Here are some facts about that day when so many were brave!
- The First D-Day Happened in the early 1900’s
The term D-Day is a generic term used by the military since the early 1900s to describe the date a combat operation takes place. Because of the monumental nature of the Allied invasion of Normandy, that day on June 6th 1944 became legendary. Ever since, people have been fascinated by D-Day facts, and the term D-Day for most people now means the date in history when the Allies started to win the war in Europe.
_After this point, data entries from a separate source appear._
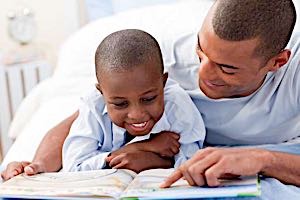 Father reading with his young son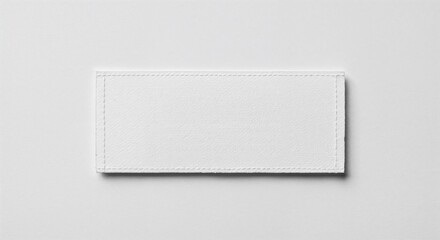 Care label patch isolated on white background, blank fabric tag, photorealistic top-down view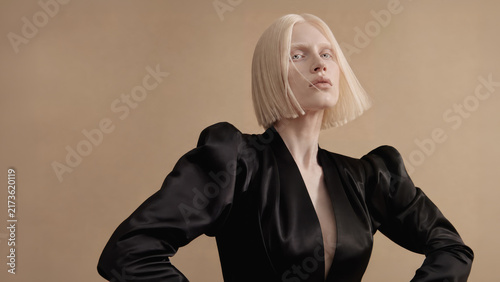 A pale-skinned blonde fashion model with a sleek bob poses confidently in a dramatic black satin dress against a warm neutral studio setting.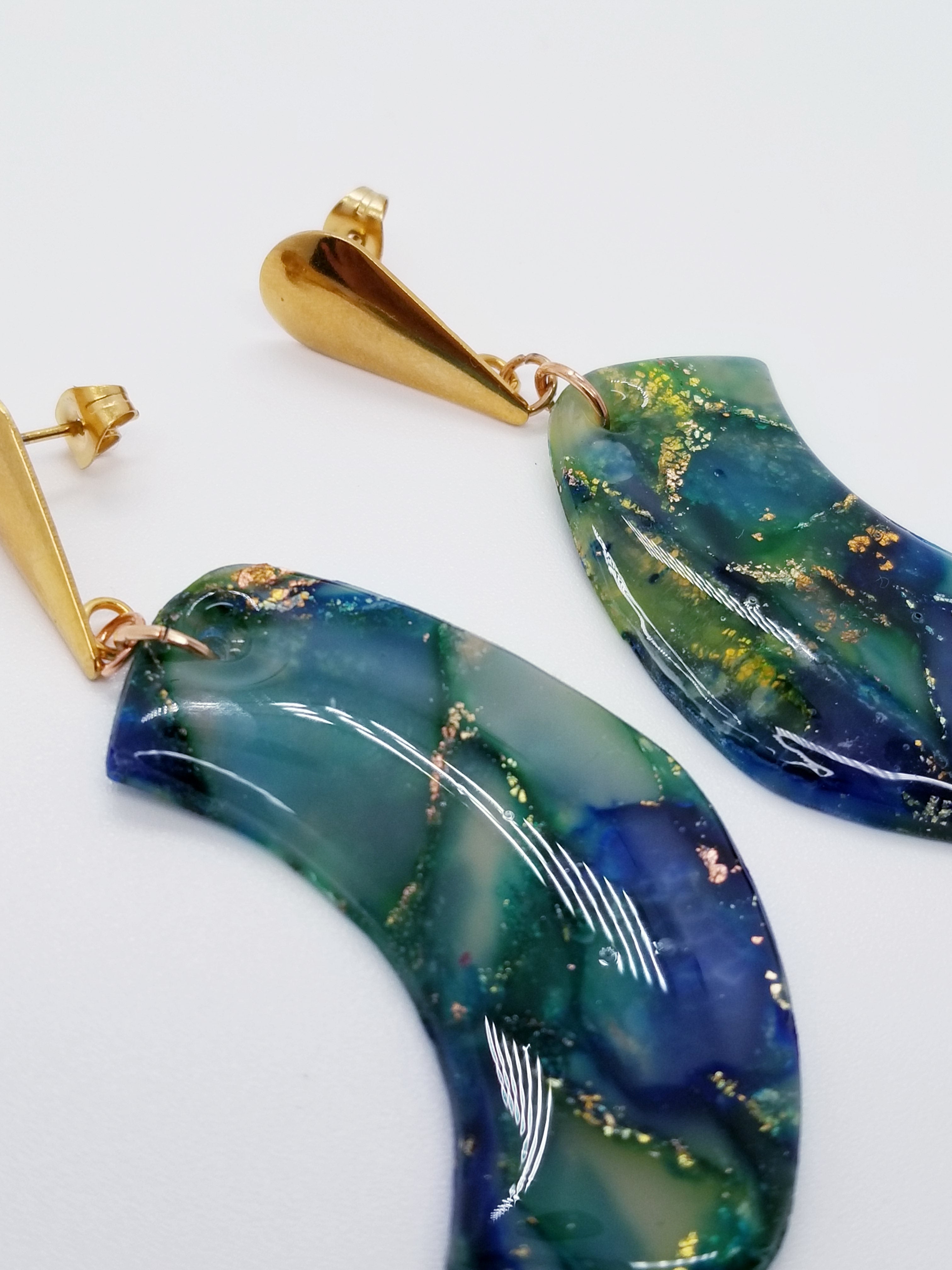 Length: 3 inches | Weight: 0.6 ounces  Designed just for you! The earrings are handmade using green blue swirl gold resin design, gold charm with hypoallergenic posts with back closures.
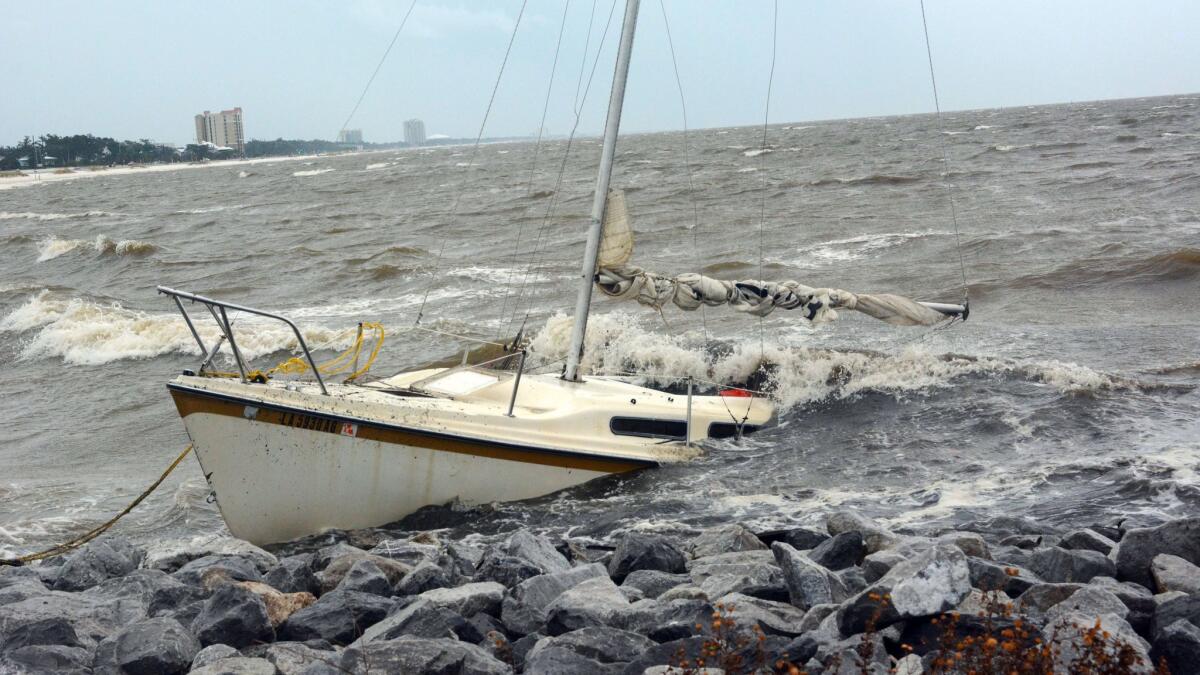An abandoned boat takes on water on the Mississippi Gulf Coast on Saturday near Biloxi, Miss., as the outer bands of Hurricane Nate begin to batter the shore.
- D-Day Could Have Happened A Day Earlier on June 5th, 1944
D-Day was actually supposed to happen the day before, on June 5th 1944. However, because of bad weather, it was decided that the D-Day invasion would take place the following day, on June 6th.
- D-Day Changed the Landscape and History of Normandy
The D-Day invasion took place in a coastal area of France, known as Normandy. Despite the region’s rich history, it is now most famously remembered as the scene of this bloody invasion
- D-Day Was Code named Neptune by the Allies
The code name for the Normandy Landings was Operation Neptune. Neptune is the Greek god of the sea, and it’s a fitting name, considering the invasion was launched from the sea.
- German Troops Didn’t Leave the Islands Around Normandy until 1945
Although the Allies were successful in their invasion of Normandy, it was nearly a year later, on May 9th 1945, that the entire German occupation of Normandy, including the surrounding islands, was completely ended.
- Operation Bodyguard Was a Fake Allied Operation to Hide D-Day Plans
In order to deceive the Germans, the Allies created a fake operation, Operation Bodyguard. This way, the Germans would not be sure of the exact date and location of the main Allied landings.
- There Were Multiple Fake D-Day Plans
There were actually multiple fake operations designed to deceive the Germans. These included fake operations detailing attacks to the north and south of the actual landing points in Normandy. Some efforts were even made to make the Germans think that the attack would take place in Norway!
- Normandy Was a Tourist and Resort Area Before D-Day
One of the lesser-known D-Day facts is that the beaches of Normandy were a popular destination for visitors to the Atlantic coast before World War II. From the 1800s onwards, Normandy was a popular seaside tourist area. There are still many beautiful towns and resorts on the Normandy coast.
- D-Day Was Planned for a Full Moon To Give Aircraft Better Sight
The Allies wanted a full moon to provide better sight for their aircraft. They also wanted to have one of the highest tides. The invasion was carefully scheduled to land partway between low tide and high tide, with the tide coming in.
- D-Day was the Largest Multi-National Invasion in History
The Normandy Landings known as D-Day were a multinational effort, with many countries involved. The Allied forces invading Normandy included troops from the United States, Britain, Canada, Poland, France, and more countries.
- The Allied Forces Were 5 Years Younger than the Germans on Average
Many D-Day facts focus on the armaments each side had during the invasion. A lesser-known fact is the age of the German and the Allied forces. The German forces, due to heavy losses on the Eastern Front, no longer had a large population of young men to enlist. German soldiers were, on average, more than 5 years older than their Allied counterparts.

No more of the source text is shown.